I haven't seen a mosquito here since mid Sept. Been a cool fall so far, but i guess the cold has been worth it to get rid of the skeeters.


----------



## Tx Jim (Jun 30, 2014)

So much for the old statement "every thing is larger in Texas". 

Does OFF(Deet) have any type of affect on those MONSTERS?


----------



## StxPecans (Mar 3, 2018)

This spring i was repairing fences from hurricane harvey damage on the Guadalupe river bottom. They were abiut the same in the picture. Off deepwoods had no effect on them. It was really hot sticky sweaty weather with absolutely no breeze. You could spray down with repellant and 5 min later be covered. They were even trying to go in your mouth it was the worst I have ever seen. Wasnt as bad a few days later when the wind started blowing. Made for a long 2 or 3 weeks of fence repair.
Since we were pulling alot of sticks, limbs, logs, and just debris off fence we did have lots of little smoldering fires for smoke and it did help some but these things were just so thick.


----------



## mlappin (Jun 25, 2009)

A couple of years ago we had 13" of rain in like 36 hours, mosquitos were so bad you had to take a bath in deet to even go outside at noon.


----------



## broadriverhay (Jun 13, 2014)

I’m on Broad River.
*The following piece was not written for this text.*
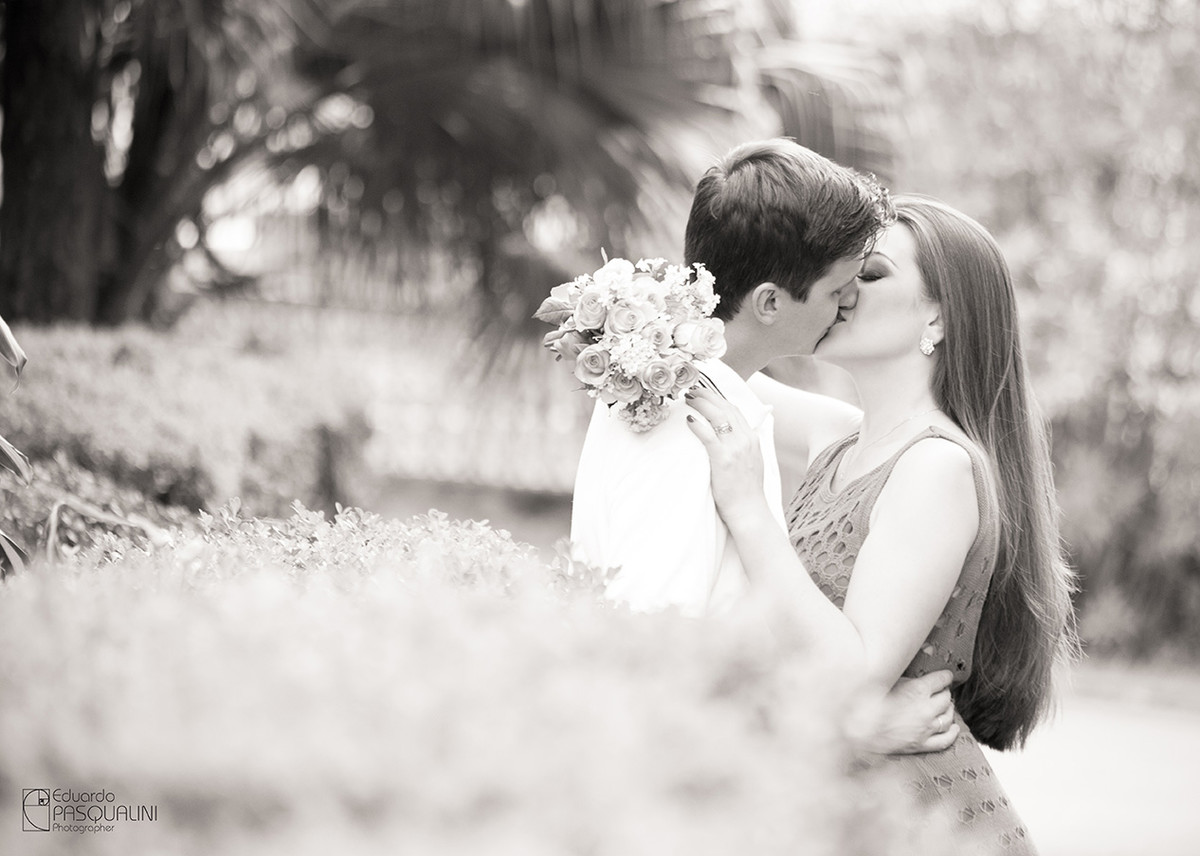 Foto preto e branco de beijo de noivos em ensaio pre casamento, Fotografia de Eduardo Pasqualini, fotógrafo de casamentos e ensaios em Rio do Sul, Santa Catarina.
They are not too bad around my barn but this was on the edge of the field in some tall grass in a damp area. I’ve never seen them this bad. I was in the cab and did not open the door. I don’t know if deet would be effective or not.


----------



## somedevildawg (Jun 20, 2011)

That was a good call to not get out.....neither would I. They're bad around here right now as well, just don't have access to the steroids


----------



## stack em up (Mar 7, 2013)

And in typical fashion, only the females are the ones trying to suck your blood. Damn feminists. True story


----------



## KYhaymaker (Jun 7, 2018)

Call in an airstrike asap


----------



## Vol (Jul 5, 2009)

Oldest son is sitting in a tree down on the Flint River in S. Georgia as I type. He went into the timber yesterday scouting and came out and went straight to Walmart and bought another Thermacell.....he left his at home in Atlanta.

Regards, Mike


----------



## somedevildawg (Jun 20, 2011)

I bet he did.....thermocell is a wonderful invention, it has allowed me to hunt in areas previously inaccessible because of the skeeters. Off, came out with a similar unit but it doesn't use heat, has a fan...works well but it's not a thermocell. It's one of those "don't leave home without it" type things....


----------